**** Information shown ****

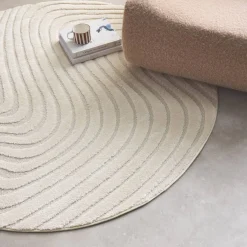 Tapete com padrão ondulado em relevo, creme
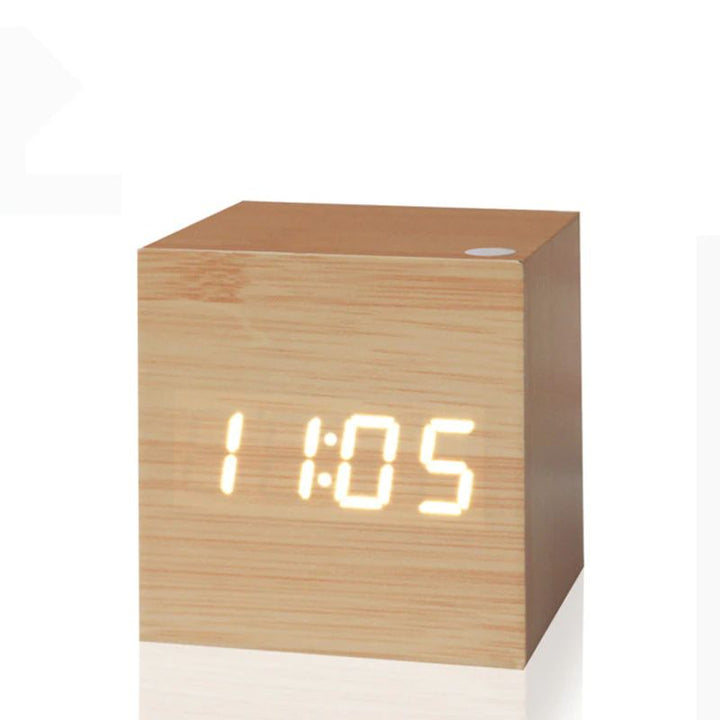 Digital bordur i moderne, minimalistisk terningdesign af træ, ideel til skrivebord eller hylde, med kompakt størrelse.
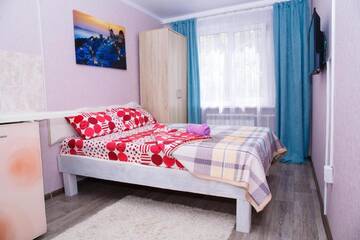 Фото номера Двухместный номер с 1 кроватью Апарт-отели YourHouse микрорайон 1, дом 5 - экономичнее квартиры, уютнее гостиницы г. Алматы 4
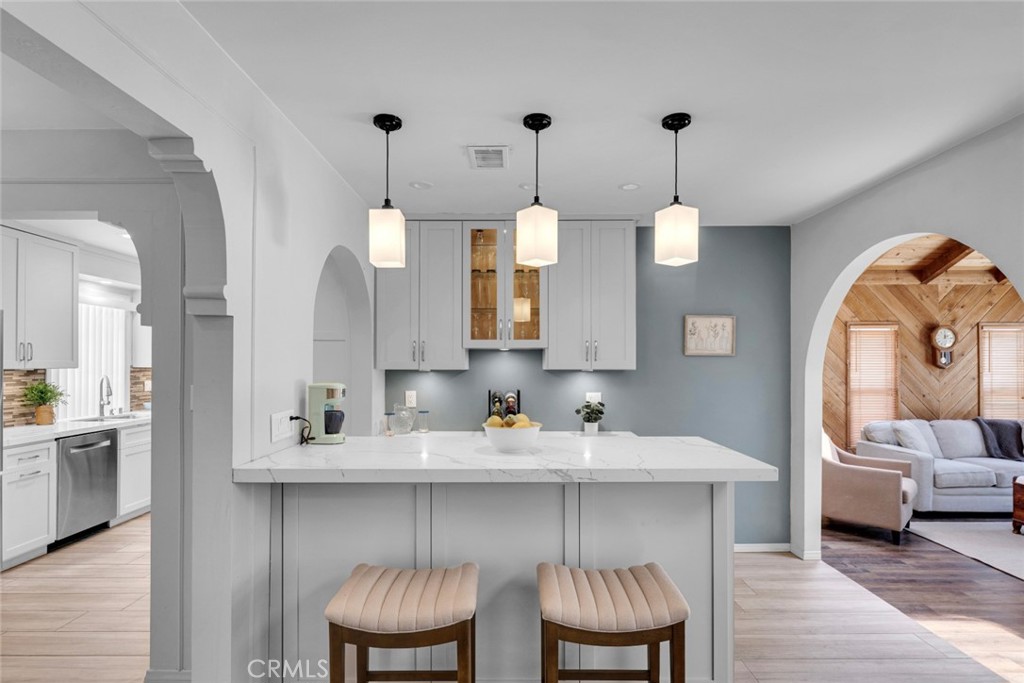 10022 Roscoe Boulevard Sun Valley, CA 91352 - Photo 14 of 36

****

Work required: Give every line above again exactly, omitting whatever pictures appear.

Result:
 Tapete com padrão ondulado em relevo, creme
 Digital bordur i moderne, minimalistisk terningdesign af træ, ideel til skrivebord eller hylde, med kompakt størrelse.
 Фото номера Двухместный номер с 1 кроватью Апарт-отели YourHouse микрорайон 1, дом 5 - экономичнее квартиры, уютнее гостиницы г. Алматы 4
 10022 Roscoe Boulevard Sun Valley, CA 91352 - Photo 14 of 36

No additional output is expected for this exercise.